Take the line containing "Remembering Wrangler Jane..." and every line after it to the end of the material below; reproduce them exactly, without pictures.

Source data Block Start

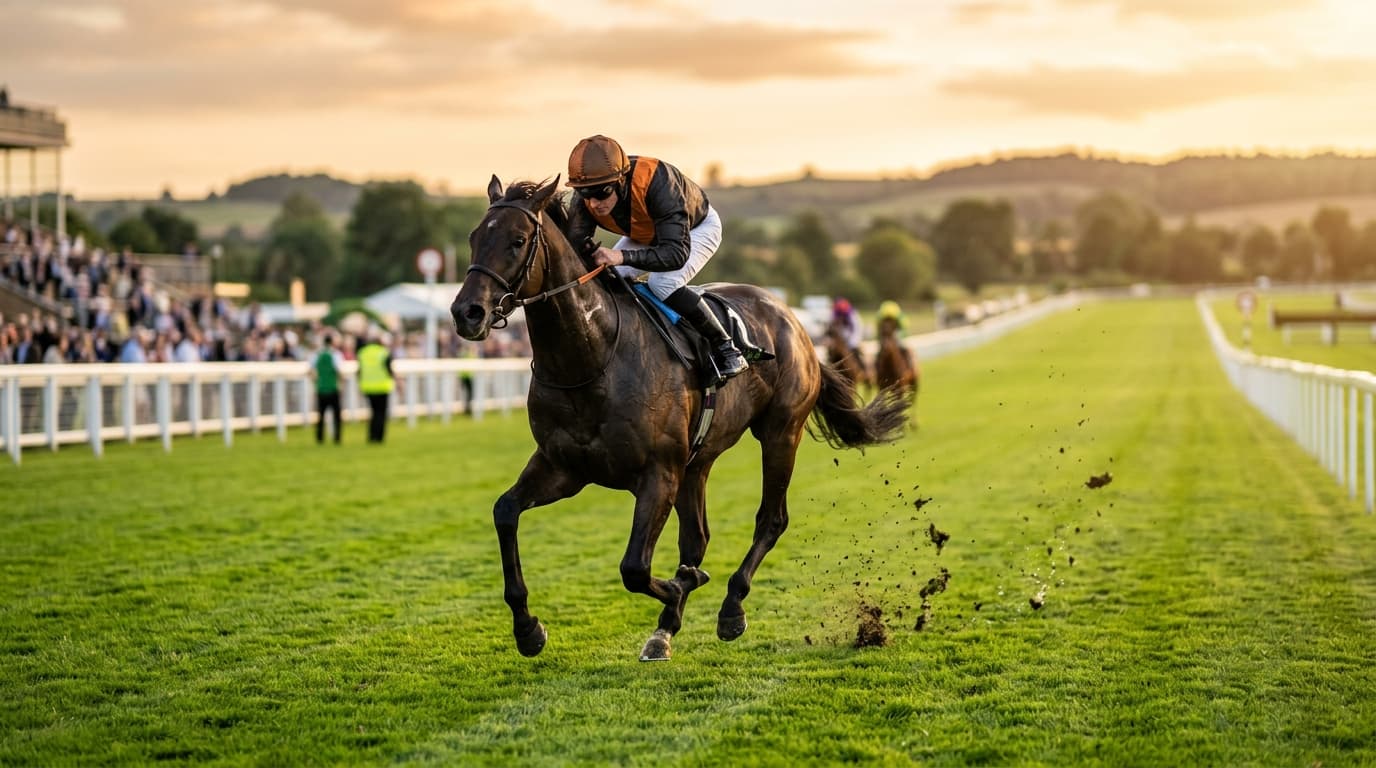 Rollin' At The River [Free Selection]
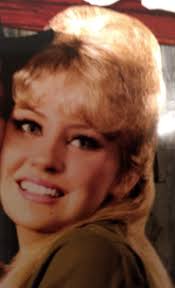 Remembering Wrangler Jane... Melody Patterson...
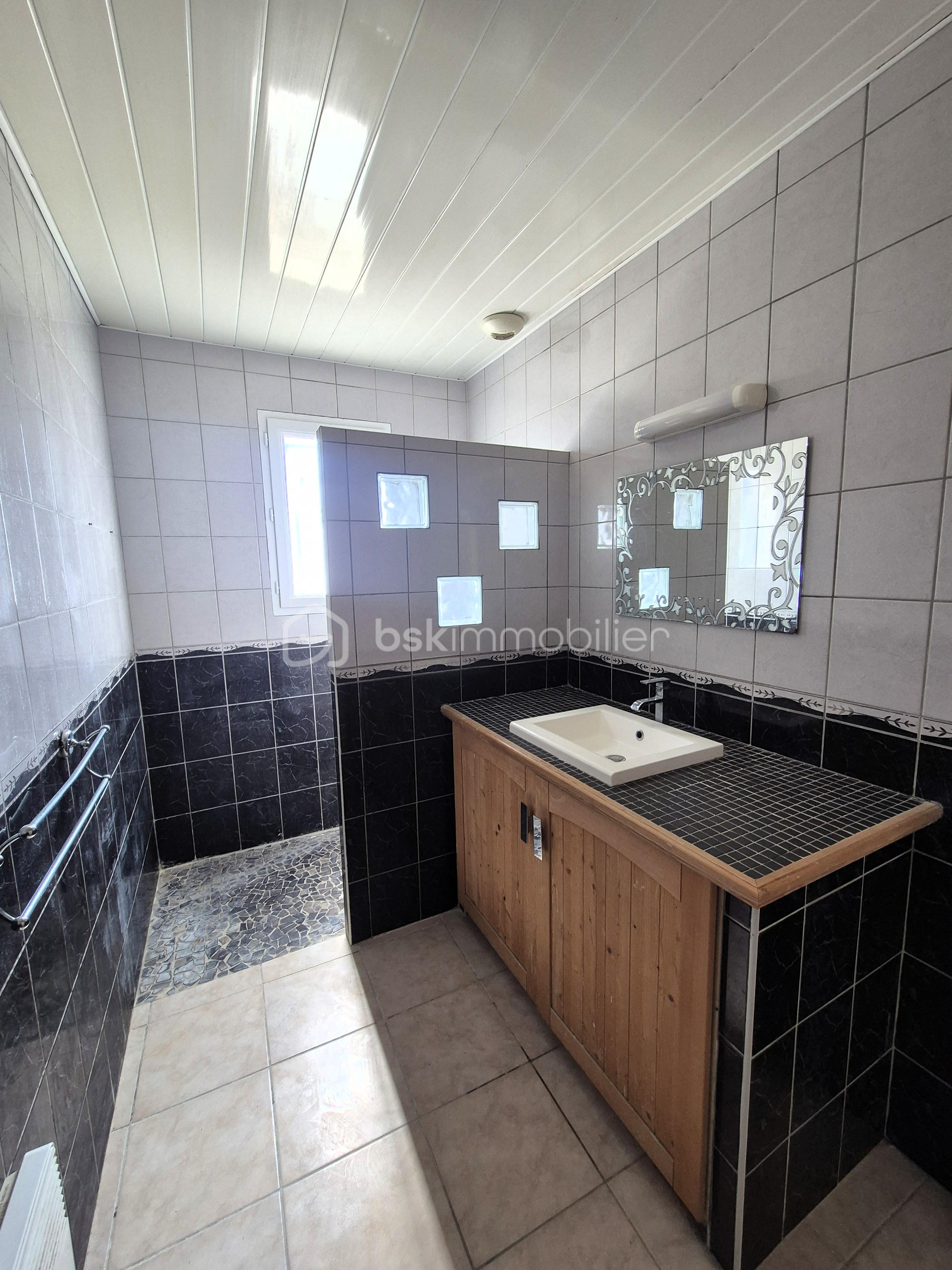 Maison de 106 m² - 8.jpg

Source data Block End

## Exercise result
 Remembering Wrangler Jane... Melody Patterson...
 Maison de 106 m² - 8.jpg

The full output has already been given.